As previously mentioned, Physics makes particular use of Calculus and its principles, however, it is also applied to Computer Science, Statistics, Business, Economics, Engineering and Medicine. This shows just how broad the concepts and theories reach.
As defined by S-cool.co.uk, Differentiation is ‘a tool of mathematics that is primarily used for calculating rates of change’. The tool thus allows us to find the rate of change of velocity with respect to time (i.e. acceleration) as well as the rate of change of x with respect to ‘y’ on a graph (i.e. the gradient of the curve).
As part of your A Level course, your teacher will no doubt teach you the basic rules of Differentiation.
For instance, you will learn that:
If y = a function of x (an expression containing x’s and numbers), then the derivative of y with respect to x is written dy/dx.
In addition to the above simple rule, you will almost certainly learn about Differentiating x to the power of something, bringing the power down to in front of the x and then reducing the power by one, along with studying Notation, the ways of writing the derivative.
Along with this power rule, other underlying themes within the Explicit Differential umbrella are the constant rule, the constant multiple rule, the sum rule and the difference rule.

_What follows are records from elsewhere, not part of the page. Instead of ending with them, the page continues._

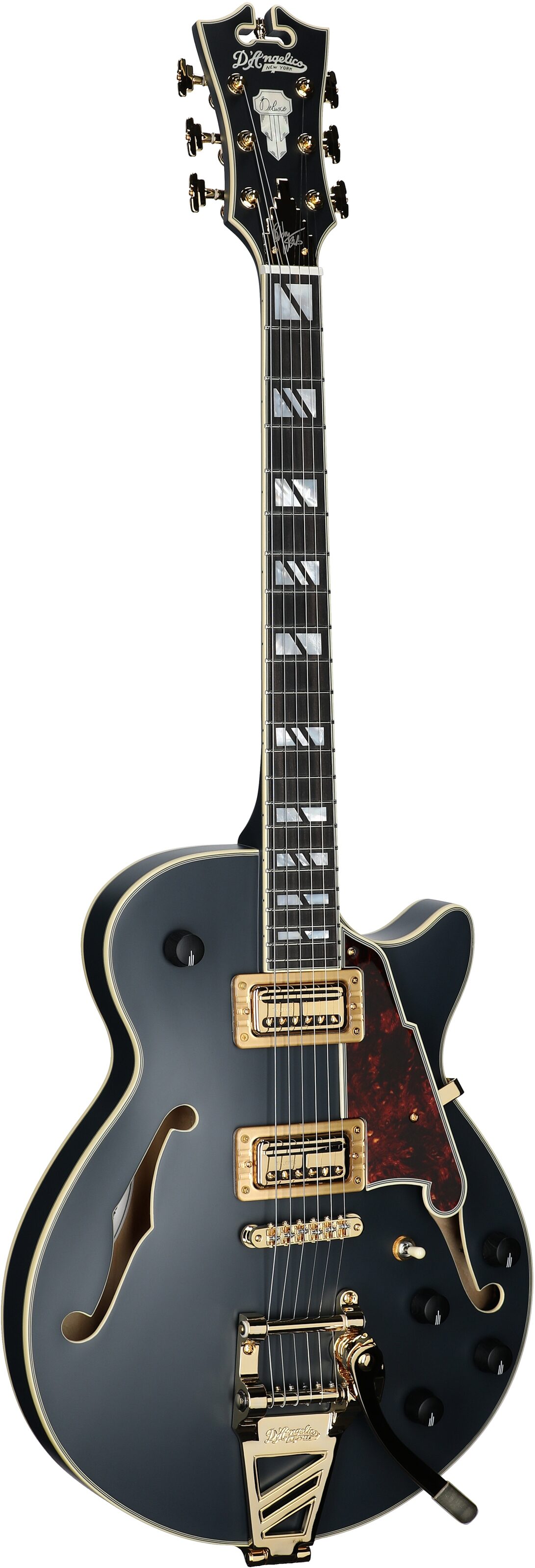 D'Angelico Deluxe Bobby Weir 3 Electric Guitar, Matte Stone, Serial Number W2401295, Body Left Front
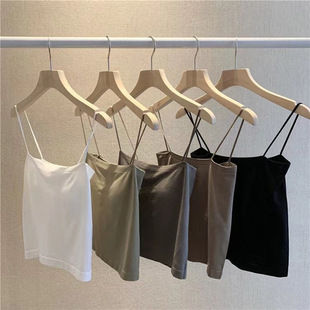 Solid Color Camisole for Women in Summer with Fixed Breast Pads, Outer Tops Without Rims, Thin Straps, Short Thin Tube Tops
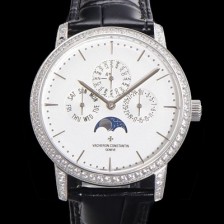 SA급 바쉐런콘스탄틴 남성용 패트리모니 다이아셋팅 논페이즈 오토매틱 1120타입 41mm 가죽줄 화이트다이얼 vac0668 xx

Differentiation is, as stated above, concerned with curves and gradients, therefore, using all of the above knowledge, you will ultimately be able to Differentiate the equation of a curve, finding a formula for its gradient.

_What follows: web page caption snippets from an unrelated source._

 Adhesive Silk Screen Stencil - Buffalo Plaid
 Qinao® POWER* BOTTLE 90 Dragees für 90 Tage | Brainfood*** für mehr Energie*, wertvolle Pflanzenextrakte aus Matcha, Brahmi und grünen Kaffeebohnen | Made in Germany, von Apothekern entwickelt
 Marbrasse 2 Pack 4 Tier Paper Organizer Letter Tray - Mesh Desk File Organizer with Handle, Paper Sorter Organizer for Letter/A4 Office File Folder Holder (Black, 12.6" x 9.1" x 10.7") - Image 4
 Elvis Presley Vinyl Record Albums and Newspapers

If all of this sounds a bit perplexing, rest assured that your Maths teacher will be able to explain the processes and functions so that they come to you easily.
Finally, this now-compulsory module will make its appearance during your A Level Maths course, shedding light on Acceleration, Newton’s Laws, Vectors, Impulse and Momentum, Projectiles, Centre of Mass and much, much more.

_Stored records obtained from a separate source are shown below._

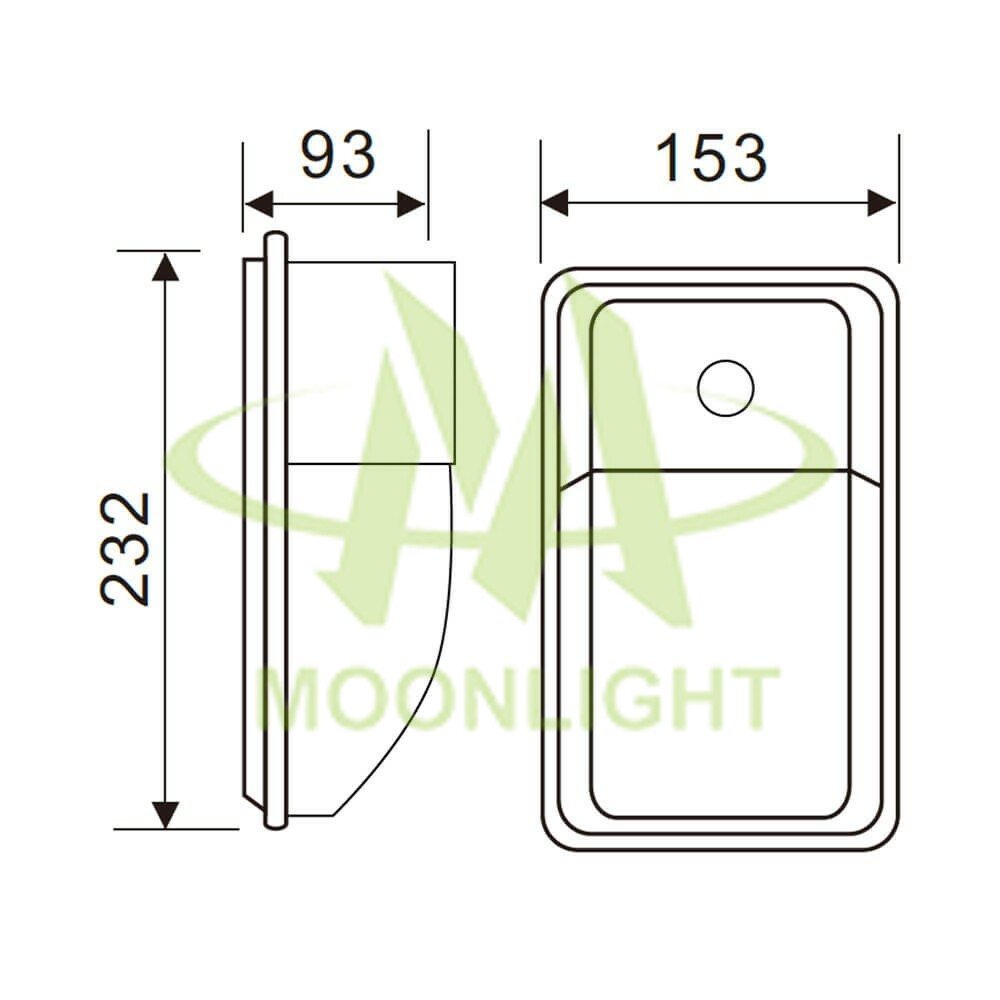 LED Wall Pack Housing MLT-WPH-CS-II Mechanical Dimension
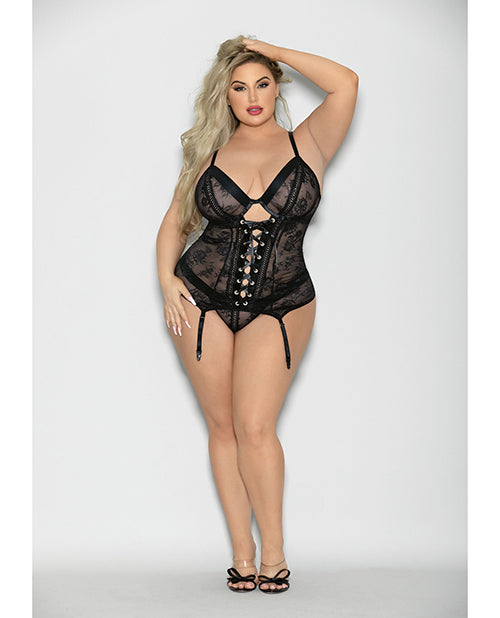 Flame Fetish by Escante Plus Size Bustier Wide Band Thong Lace Up Design for Comfortable Curvy Lingerie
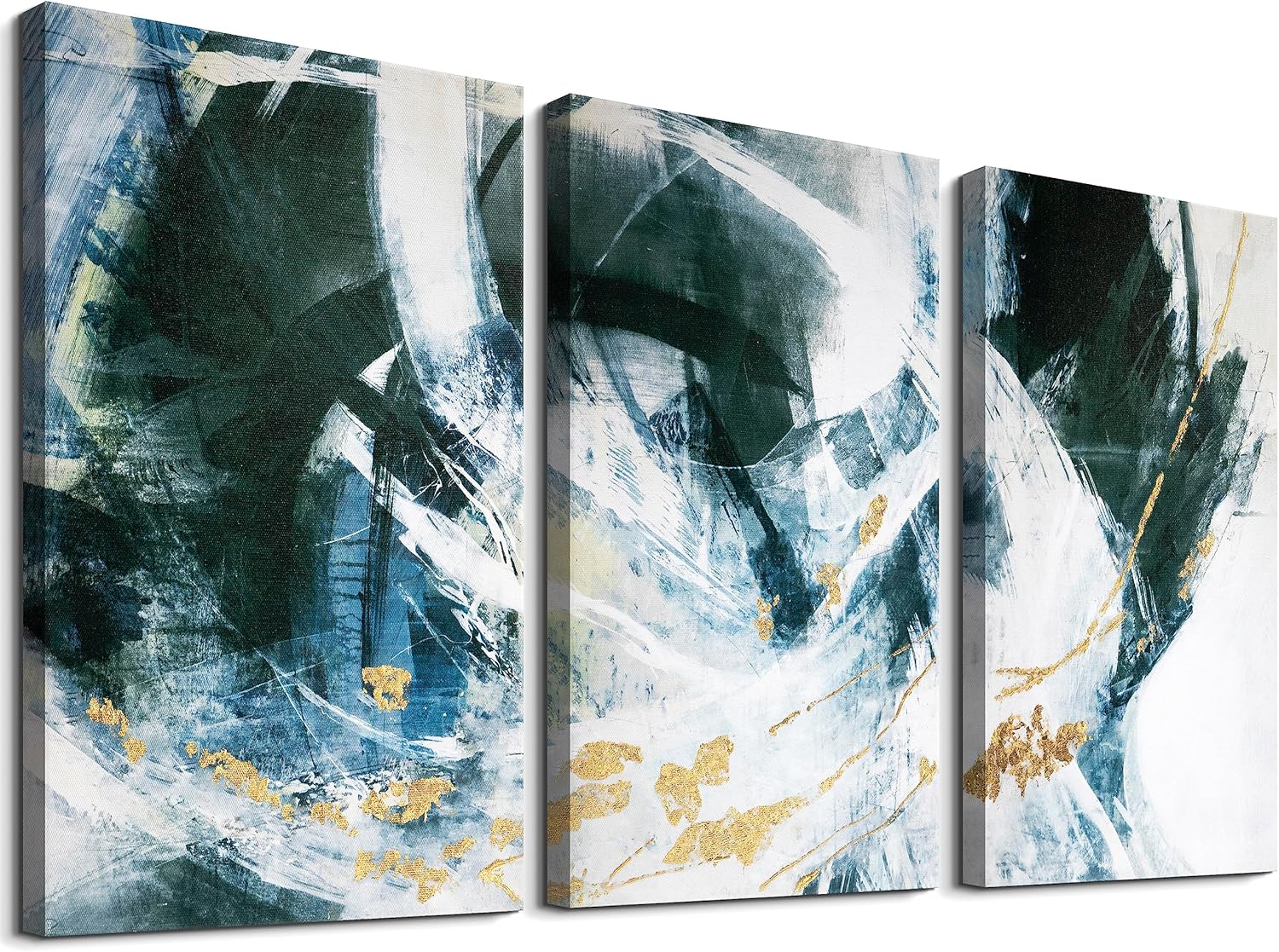 Paintings - 3 Piece Blue Abstract Wall Art for Bedroom Black and Gold Pictures Prints Stretched on Canvas for Home Office Decor Each Contemporary Coastal Artwork Framed 12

Acceleration is on the list when it comes to your Mechanics module. Photo by www.twin-loc.fr on Visual hunt
The module is absolutely vital for anyone with an interest in pursuing a career in the engineering industry, as it will teach you the fundamentals of Mechanics principles.
Fascinating content for fast car enthusiasts too, the equations and functions can be extremely useful to many, with a range of transferable skills on offer. For example, the study of acceleration caused by gravity is also linked to Physics courses and is relevant to scientists looking at gravitational acceleration at different points on Earth too.
The aim of this module is to ‘up-skill’ students within the mechanical field, enabling them to solve real-world problems. At the end of the module, you should have the confidence to apply how the maths and physics principles allow engineers to innovate and design.
While it is impossible to educate you on advanced Maths functions in a few short paragraphs, we hope that you now have a better overview of some of the themes covered, and can appreciate the level of detail you will be exposed to during your A Level Maths course.
Take comfort from the fact that many people find Maths challenging as a subject, and that it is perfectly normal for you to need a little time or extra tuition to help you along the way.
Remember also that the content you will be learning at A Level is no longer part of your compulsory education, so all the things you are learning are already adding noteworthy skills to your resume. Just think, even as a teenager you will have a higher level of knowledge and skill in this area than most adults who are much older and wiser than you!
As a matter of fact, adults who once passed their Maths qualifications back in the day would probably struggle to complete the content you are studying now, which shows that you can very feel proud of your achievements to date.
While this might be down to them not using the acquired skills enough and thus losing or forgetting them, it could also be because the Maths syllabus has grown more advanced over the years, producing more talented and skilled mathematicians than ever before.